I would like to hear your views on the greater role given to immigration officers under Bill C-11. For all practical purposes, they will have enormous freedom. Would anybody like to comment on that?
Ms. Chantal Arsenault: As you probably know, the Canadian Bar Association has already put forward its position. Immigration officers will have disquieting powers. Under Bill C-11, they can make decisions that cannot be reviewed by an independent tribunal, as the bill now stands. This is very worrying indeed; we are all human beings, and cannot necessarily control all those who have access to people coming into the country. Under the bill, reviews would not be possible. But if this committee or those responsible for applying the legislation have good intentions, could they not ensure that those intentions are applied by people at the decision-making level? These powers worry us a great deal.
Ms. Hoori Hamboyan: If I might add to that, immigration officers made a very bad decision in the case of Mr. M'Barek, who was deported in spite of evidence that he would be tortured and ill-treated, or imprisoned. In spite of the evidence, immigration officers made the very bad decision of deporting him. He is now imprisoned in Tunisia, as we sit and discuss the system around this table. Very probably, he is being ill-treated and tortured. I have the press file, if you want to take a look at it.
[English]
The Chair: Mr. Goldman.
Mr. Richard Goldman: No.
The Chair: John McCallum.
[Translation]
Mr. John McCallum: I think I can save you some time, Mr. Chairman. As I have already said, I have been very enlightened by everything said around the table this week, including today, and we will all act in good faith by tabling the amendments I have already mentioned, and will not go through again.
I would just like to thank you for having come here today. I should also tell Mr. Goldman that I knew Irwin Cotler quite well, because I was at McGill University with him for seven years. We are now colleagues in Parliament, and I will certainly speak to him. Thank you.
[English]
The Chair: Thank you.
John Herron.
Mr. John Herron: Thank you, Mr. Chair.
I do appreciate Mr. Goldman's connection with the fact that Canada has signed on to a lot of international accords related to our human rights responsibilities. He even mentioned the United Nations Universal Declaration of Human Rights. I know McGill claims the author, John Peters Humphrey, who is a native of Hampton, New Brunswick, my hometown, in the riding I represent.
Having said that, let's get down to business.
When we established the IRB, what we decided to say as a society is that when we're making decisions about people's lives and whether they will live or not, merely looking at a file wasn't sufficient. We had to look at human beings to be able to ask questions on the broad array of evidence and circumstances that are in play. What I'm shocked about is that this bill has taken us back decades in one aspect with respect to oral hearings.
• 1305
In the
case we just heard about from the gentleman right now,
we must be honest. If we had a file before us we would
say, gee, that's a pretty tragic situation, but when
you're put in front of a human being whose life is
affected by it.... I would say that this committee
really has to look very, very, very seriously at
ensuring from the appeal processes that do remain in
the bill—some have been lost...that they have to be
not done in an antiquated way; they're going back to
files.
Immigration and refugees' rights are human rights, and they're about people. So my comment was that I know you wanted a little bit more time to add something, so I might have about a minute and a half left. It's yours, if you want to add to this particular aspect.
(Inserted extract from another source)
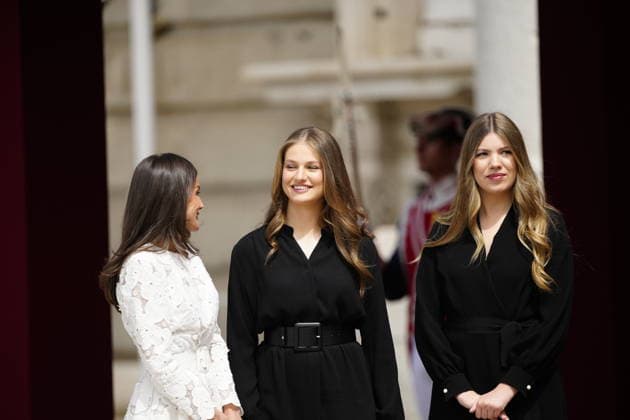 06-06-2026 Madrid Queen Letizia and Princess Leonor and Princess Sofia welcome Pope Leo XIV at the Royal palace in Madrid. No Spain Â  Copyright: xPPEx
The Chair: I'm in agreement totally with what you said, John, but whom are you asking?
Mr. John Herron: If Mr. Goldman wants to add something after...but I know there was a moment where you wanted to add something, and I'll let you take my time, even though it may just be short.
The Chair: The chairman has been very, very generous all week with regard to time and everything else. We've never been on time—ever—which is an indication that I'm very, very flexible in terms of hearing testimony.
Hoori, please.
Mr. John Herron: Thank you.
Ms. Hoori Hamboyan: Thank you for your generosity and for the committee's generosity.
What I wanted to add really was that I had more witnesses, and I think you would have also been very touched by their testimony. Two of them are sitting in the room with us today, one of whom is an Algerian who came to Canada and was recognized by the IRB as being a refugee. He has been awaiting for years the reunification of his family. He hasn't seen his son since he was an infant. His son is now nine years old.
I know there is une volonté on the part of the new bill to improve family reunification, but we're wondering how, practically speaking, the situation of this gentleman and all the others who are blocked, who are stuck, who are waiting for their family's arrival—how is that going to be improved?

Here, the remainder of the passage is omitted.